Representation Invariants:
- If self._root is None then self._subtrees is an empty list.
This setting of attributes represents an empty tree.
Note: self._subtrees may be empty when self._root is not None.
This setting of attributes represents a tree consisting of just one
node.
"""
_root: Any | None
_subtrees: list[Tree]
def __init__(self, root: Any | None, subtrees: list[Tree]) -> None:
"""Initialize a new tree with the given root value and subtrees.
If <root> is None, this tree is empty.
Precondition: if <root> is None, then <subtrees> is empty.
"""
self._root = root
self._subtrees = subtrees
def is_empty(self) -> bool:
"""Return whether this tree is empty.
>>> t1 = Tree(None, [])
>>> t1.is_empty()
True
>>> t2 = Tree(3, [])
>>> t2.is_empty()
False
"""
return self._root is None
Our initializer here always creates either an empty tree (when root is None
), or a tree with a value and the given subtrees.
Note that it is possible for root
to not be None
, but subtrees
to still be empty: this represents a tree with a single root value, and no subtrees.
As we’ll soon see, the empty tree and single value cases are generally the base cases when
writing recursive code that operates on trees.
Recursion on trees#
There’s a reason we keep asking the same question “What’s the relationship between a tree’s X and the X of its subtrees?” Understanding the relationship between a tree and its subtrees—that is, its recursive structure—allows us to write extremely simple and elegant recursive code for processing trees, just as it did with nested lists earlier in the course.

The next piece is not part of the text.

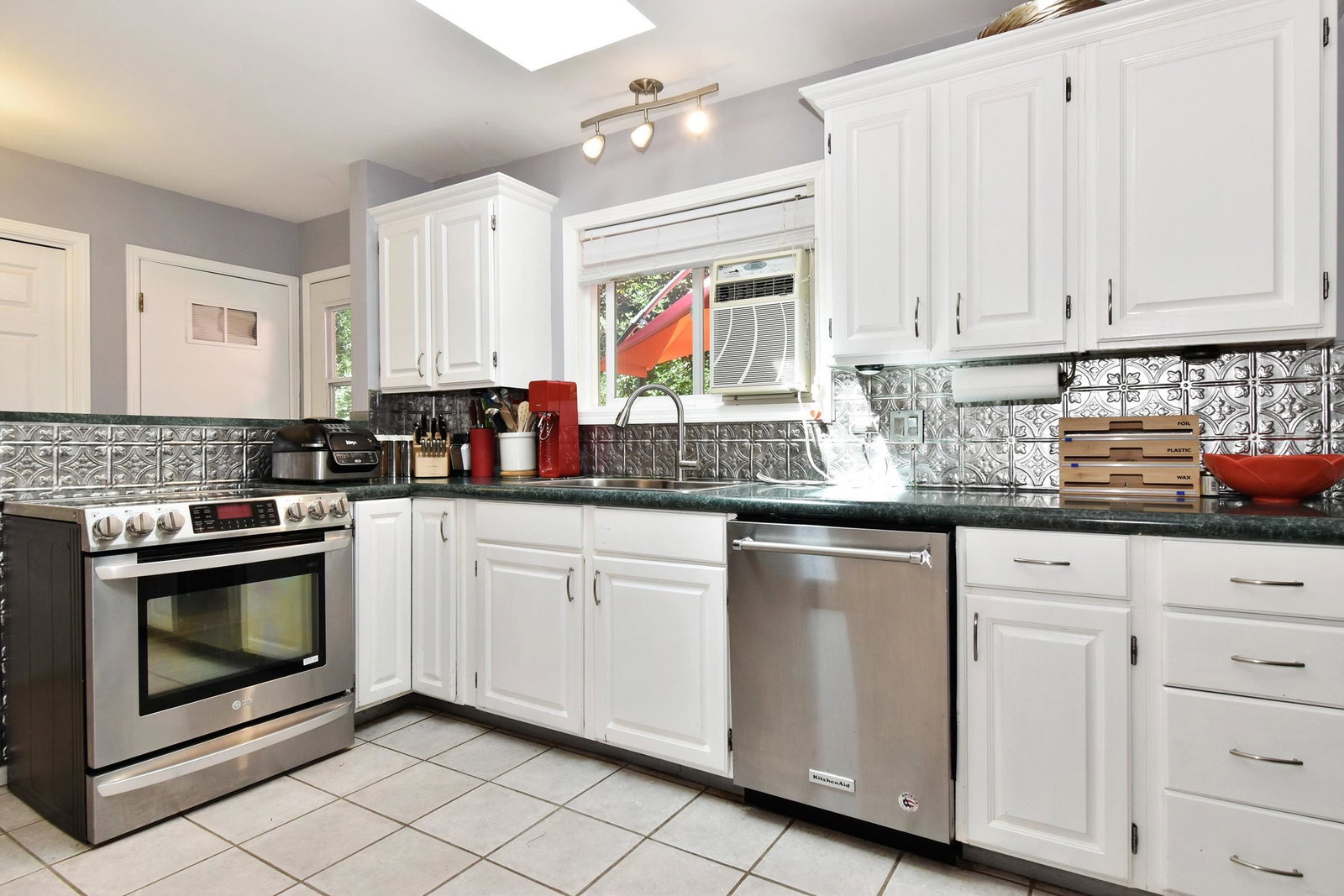 Listing Image 10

Here’s a first example: “the size of a non-empty tree is the sum of the sizes of its subtrees, plus 1 for the root; the size of an empty tree is 0.” This single observation immediately lets us write the following recursive function for computing the size of a tree.[1]
def __len__(self) -> int:
"""Return the number of items contained in this tree.
>>> t1 = Tree(None, [])
>>> len(t1)
0
>>> t2 = Tree(3, [Tree(4, []), Tree(1, [])])
>>> len(t2)
3
"""
if self.is_empty():
return 0
else:
size = 1 # count the root
for subtree in self._subtrees:
size += subtree.__len__() # could also do len(subtree) here
return size
Notice that, because we recurse on every subtree and there may be (in fact there very often is) more than one subtree, this is branching recursion. Many tree methods use branching recursion. As you encounter new tree methods, pay attention to whether they use branching or linear recursion.

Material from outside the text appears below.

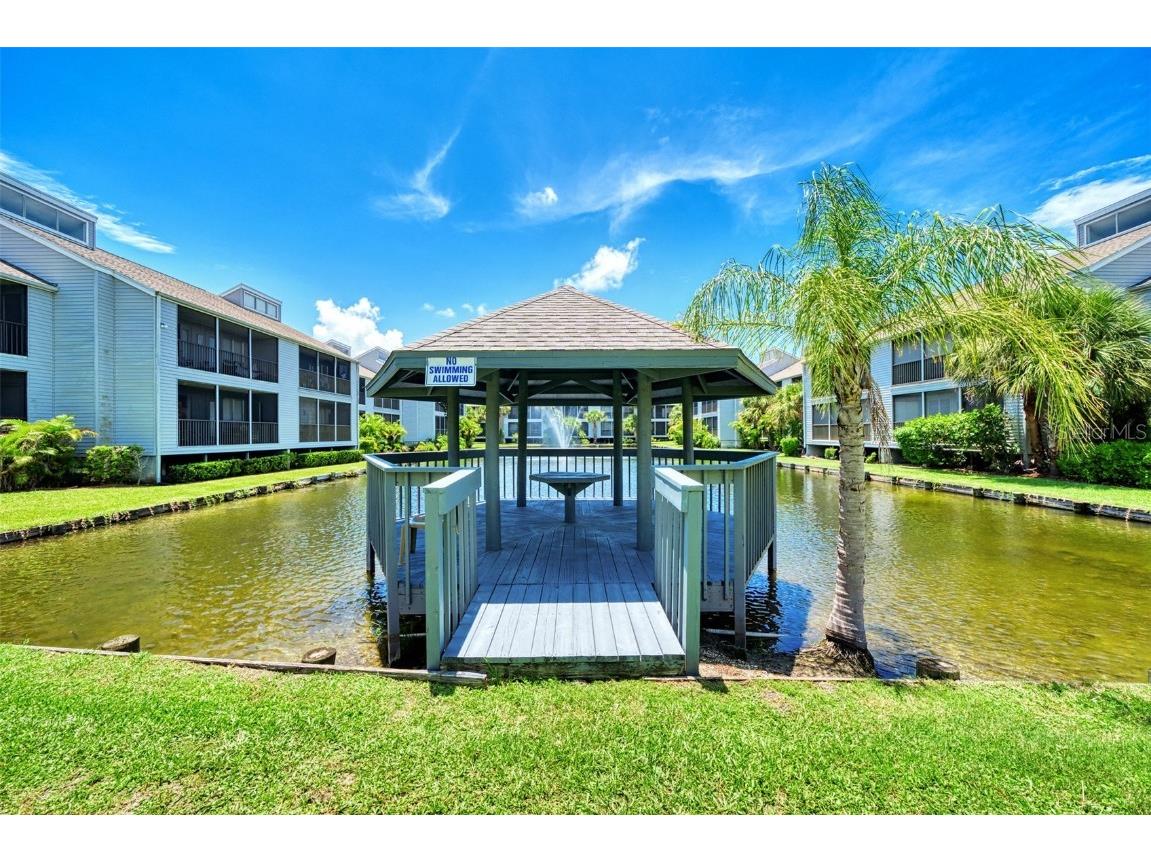 255 Fenwick Drive #18 Venice FL 34285 A4665037 image44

We can generalize this nicely to a template for recursive methods on trees:
def f(self) -> ...:
if self.is_empty():
...
else:
...
for subtree in self._subtrees:
... subtree.f() ...
...
Of course, often the ellipses will contain some reference to self._root
as well!
An explicit size-one case#
Often when first dealing with trees, students like to think explicitly about the case where the tree consists of just a single item.
We can modify our __len__
implementation to handle this case separately by adding an extra check:
def __len__(self):
if self.is_empty(): # tree is empty
return 0
elif self._subtrees == []: # tree is a single item
return 1
else: # tree has at least one subtree
size = 1 # count the root
for subtree in self._subtrees:
size += subtree.__len__()
return size
Sometimes, this check will be necessary: we’ll want to do something different for a tree with a single item than for either an empty tree or one with at least one subtree. And sometimes, this check will be redundant: the action performed by this case is already handled by the recursive step.
In the case of __len__
, the latter situation applies.
The single-item case is already correctly handled by the recursive step, which will simply return 1 when there are no subtrees, because
the loop does not execute.
However, the possibility of having a redundant case shouldn’t discourage you from starting off by including this case. Treat the detection and coalescing of redundant cases as part of the code editing process. Your first draft might have some extra code, but that can be removed once you are confident that your implementation is correct. For your reference, here is the three-case recursive Tree code template:
def f(self) -> ...:
if self.is_empty(): # tree is empty
...
elif self._subtrees == []: # tree is a single value
...
else: # tree has at least one subtree
...
for subtree in self._subtrees:
... subtree.f() ...
...
Traversing a tree#
Because the elements of a list have a natural order,
lists are pretty straightforward to traverse, meaning (among other things) that it’s easy to
write a __str__
method that will produce a str
containing all of the elements.
With trees, there is a non-linear ordering on the elements.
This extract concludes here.